Scraped caption text data
-------
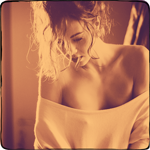 75 (150x150, 35Kb)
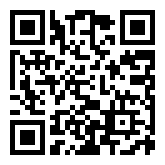 https://www.fou.net/post/133993.html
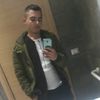 ariel_shima_
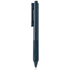 X9 kynä silikoniotepinnalla, tummansininen lisäkuva 2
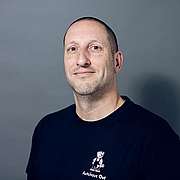 Bild von Heiko Scharmach 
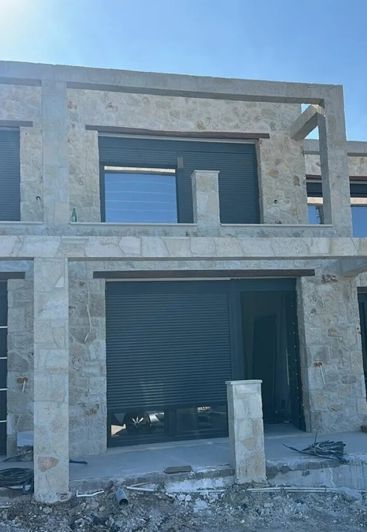 Image No.5-2 Bed Maisonette for sale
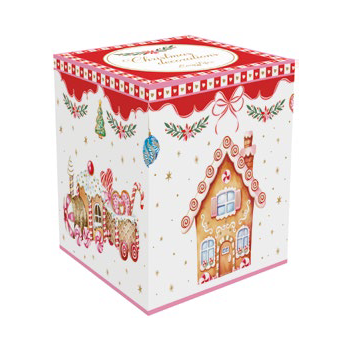 Easylife - Sweet Christmas... 2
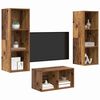 Product Thumbnail Image 3 of 11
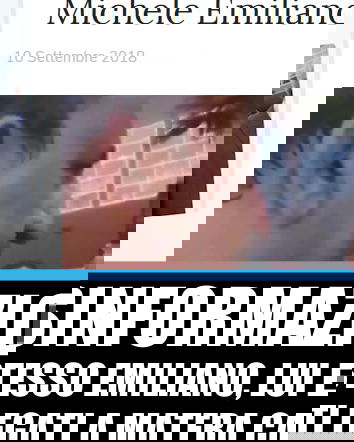 Di Maio, Emiliano e Matera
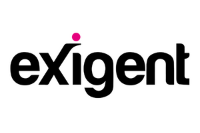 Exigent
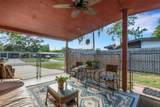 3024 Drewery Avenue - Photo 3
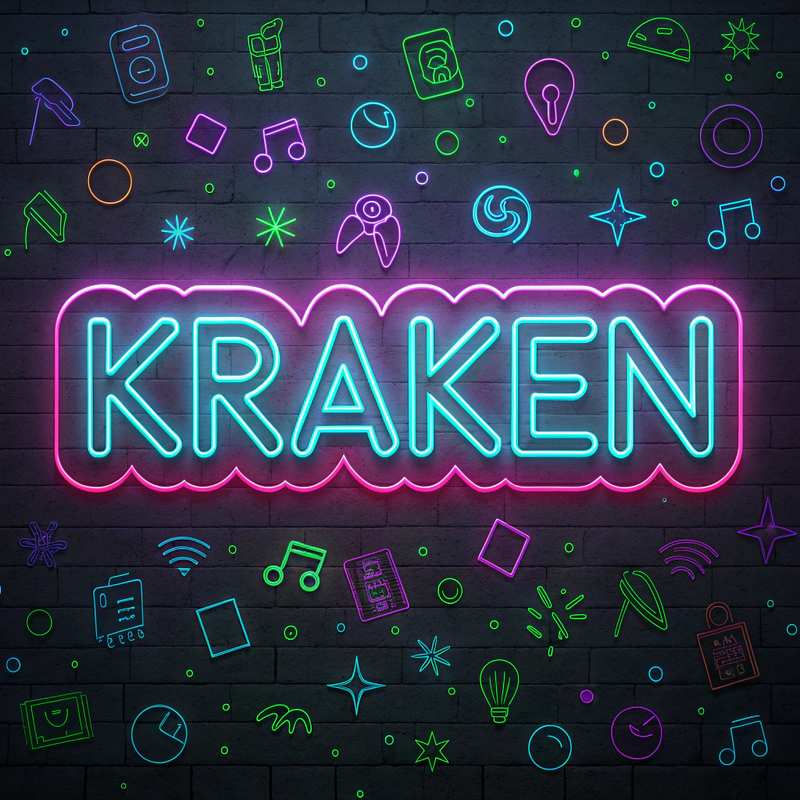 kraken-(2).png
-------
**WHAT THE TASK ASKS**
Transcribe exactly, please, the lines between the start of the records above and the line holding "Product Thumbnail Image 3 of 11", counting both of those lines and omitting pictures.

**TASK ANSWER**
 75 (150x150, 35Kb)
 https://www.fou.net/post/133993.html
 ariel_shima_
 X9 kynä silikoniotepinnalla, tummansininen lisäkuva 2
 Bild von Heiko Scharmach 
 Image No.5-2 Bed Maisonette for sale
 Easylife - Sweet Christmas... 2
 Product Thumbnail Image 3 of 11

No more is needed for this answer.